'''
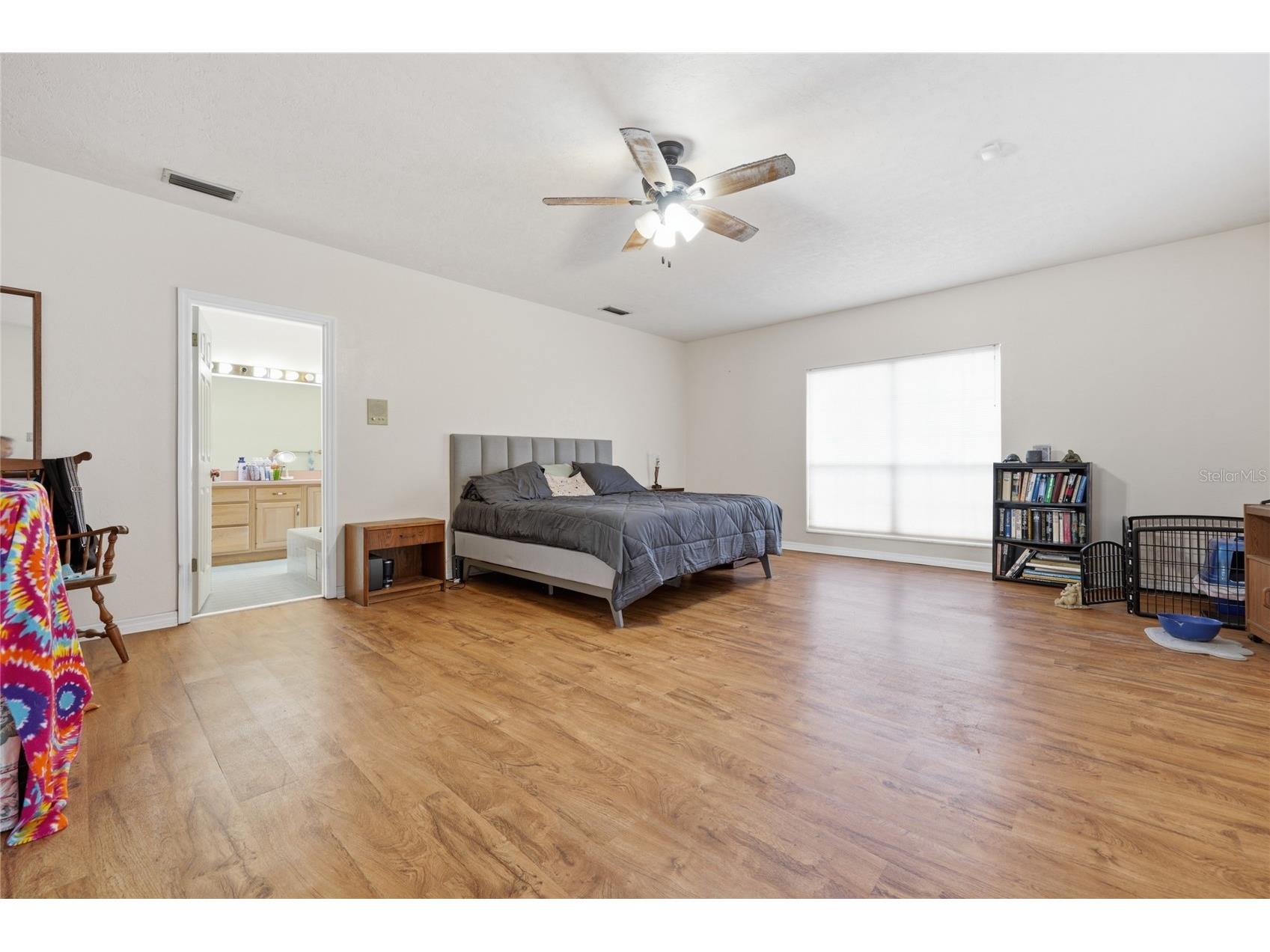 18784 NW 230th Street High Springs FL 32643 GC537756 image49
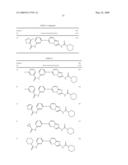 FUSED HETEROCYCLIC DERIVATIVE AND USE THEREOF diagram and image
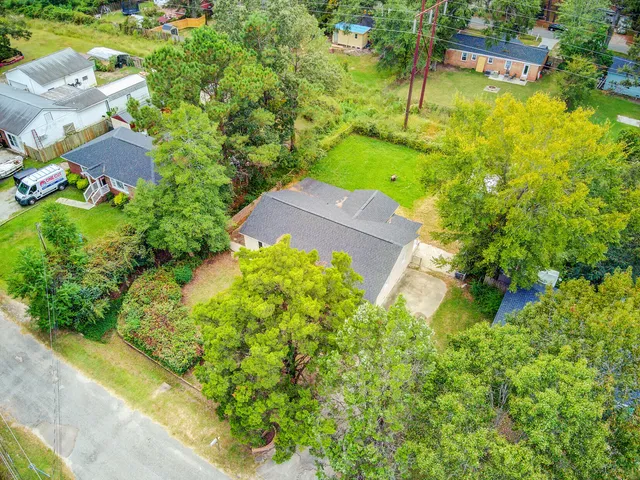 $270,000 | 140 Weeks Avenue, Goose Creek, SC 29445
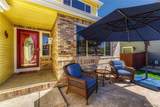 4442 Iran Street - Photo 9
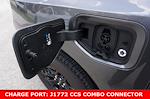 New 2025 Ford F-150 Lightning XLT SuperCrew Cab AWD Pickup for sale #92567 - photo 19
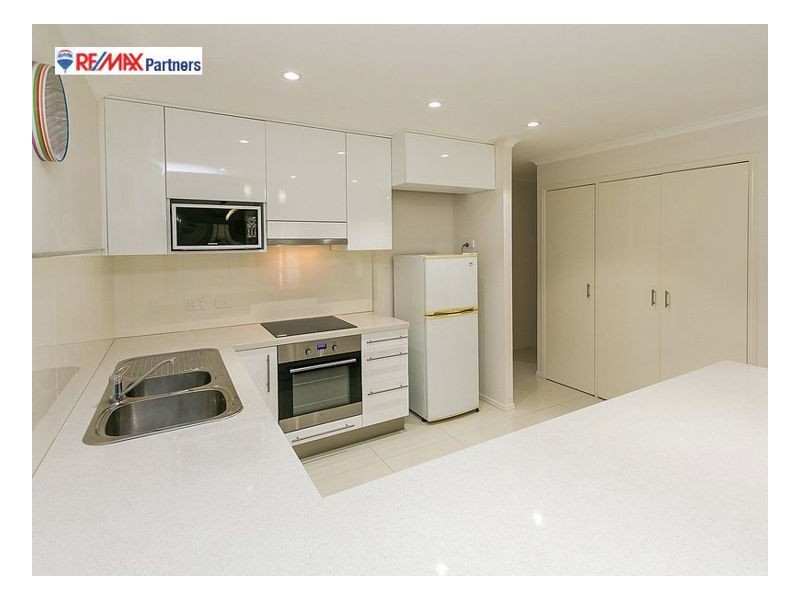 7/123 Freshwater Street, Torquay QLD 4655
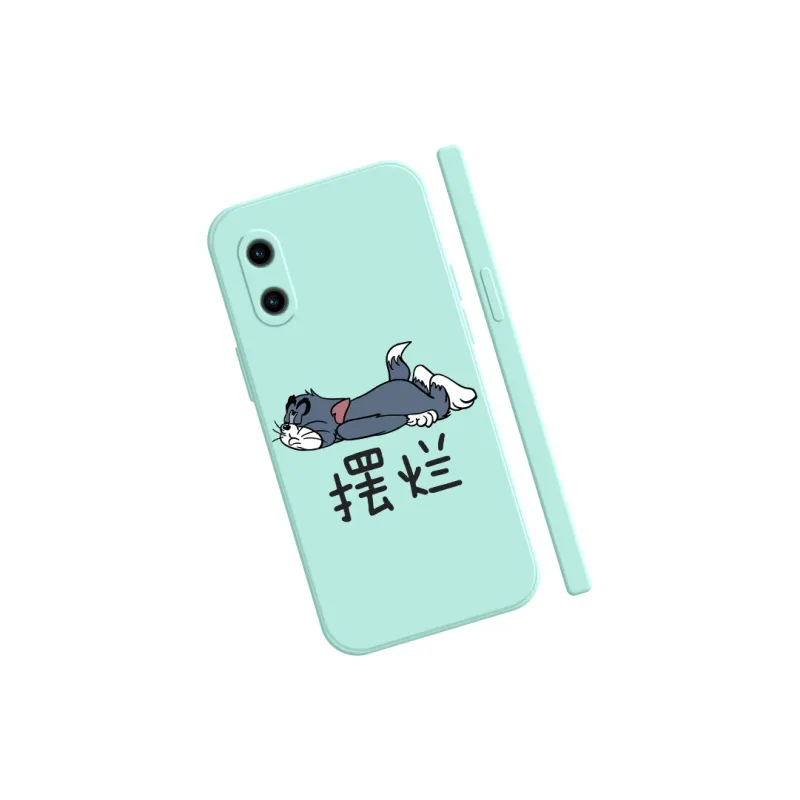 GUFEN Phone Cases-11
'''
### The task:
Write the lines from the one containing "4442 Iran Street - Photo 9" through the end of the data above exactly as they appear, and do not carry over any picture.

### Solution:
 4442 Iran Street - Photo 9
 New 2025 Ford F-150 Lightning XLT SuperCrew Cab AWD Pickup for sale #92567 - photo 19
 7/123 Freshwater Street, Torquay QLD 4655
 GUFEN Phone Cases-11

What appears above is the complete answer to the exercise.